Friday, December 23, 2016

Italy: Terrorist behind Berlin truck rampage shot dead

(Milan) The Tunisian refugee/ISIS member/terrorist behind the lorry rampage which killed 12 people at a Christmas market has been shot dead in Italy.

Anis Amri
Anis Amri, the 24-year-old Tunisian refugee who pledged his allegiance to ISIS by driving an articulated lorry through a Christmas market in Berlin the other day in which to punish the pig eaters for bombing Islamic lands, is dead. It appears that the Italian police did in minutes what the politically constrained German police couldn't in over 8 months. That is put an end to this religious bigot.


Amri, a Tunisian national aged 24, served a prison sentence in Italy after being convicted of vandalism, threats and theft in 2011, where he made something of a name for himself for his violent behaviour. After his release he was asked to leave the country, whereupon he moved to Germany and applied for asylum in April of this year. His application was rejected by the German authorities but they were unable to deport him to Tunisia because he had no valid identification papers.

After his truck rampage, Amri first visited a mosque in Berlin, then buggered off to Paris, then Chambery in the South of France, before crossing the border into Italy.  However, whilst stood outside a closed train station in Milan at 3am this morning, he was stopped by 2 policemen, and when they asked for his papers, he pulled out a gun and shot one of the officers. In turn he was shot dead by the other, thus putting to an end the latest chapter of the war that Islam has with the West.

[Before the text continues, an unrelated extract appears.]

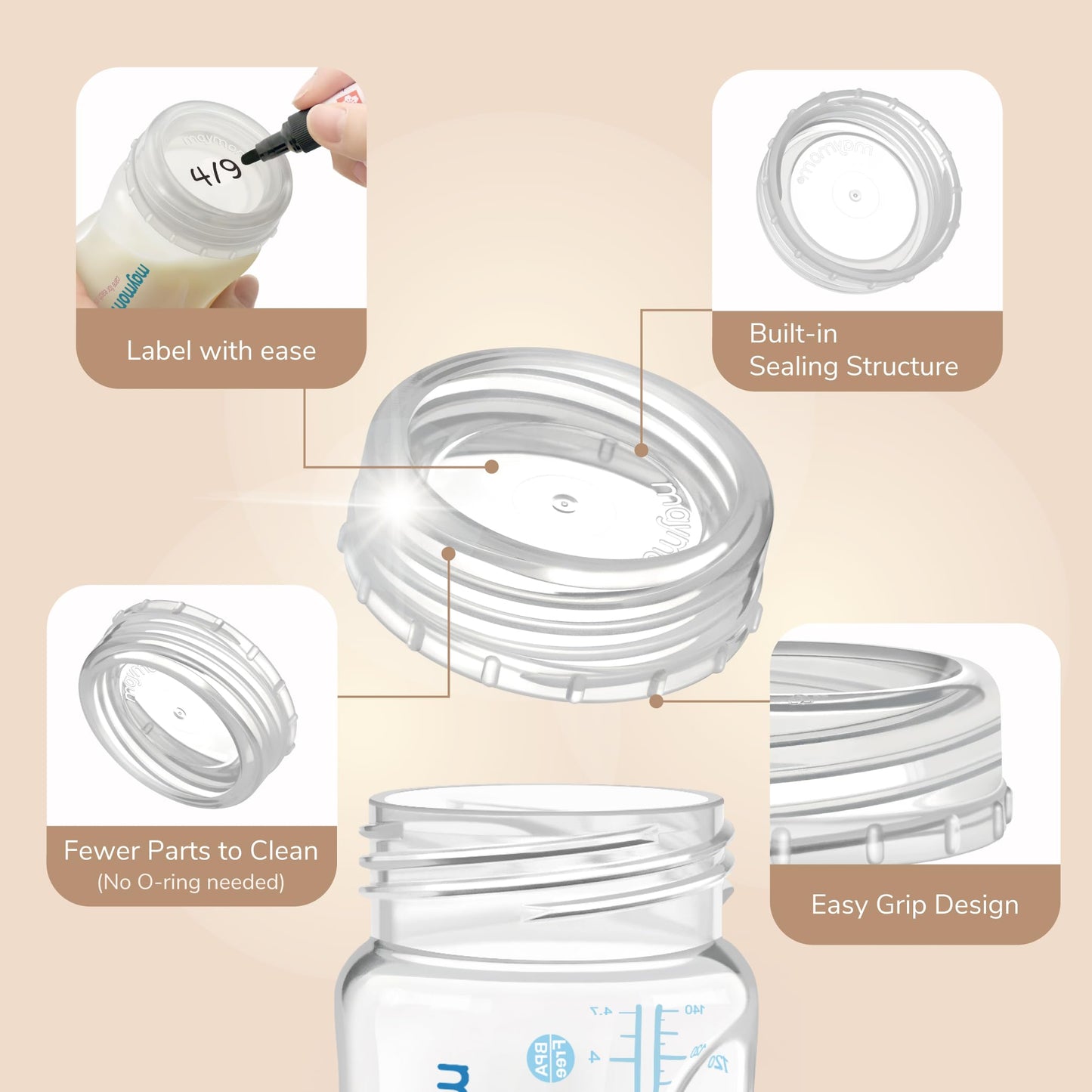 Maymom - Tapones de botella de viaje, tapas de repuesto compatibles con botellas naturales y anticólicos de Philips Avent (PP y vidrio) (transparente)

Going back to the politically constrained bit above, it has come out in the wash that the German police knew about Amir 8 months ago. He was under police surveillance but gave them the slip about a month ago when the German police took out an ISIS cell at the start of November. After the truck attack, the police were denied the right to publish pictures of Amir in which to aid their search. Because Green politician Till Steffen, the head of the judicial authority in Hamburg, feared that sharing images of the Islamist terror suspect would incite racial hatred.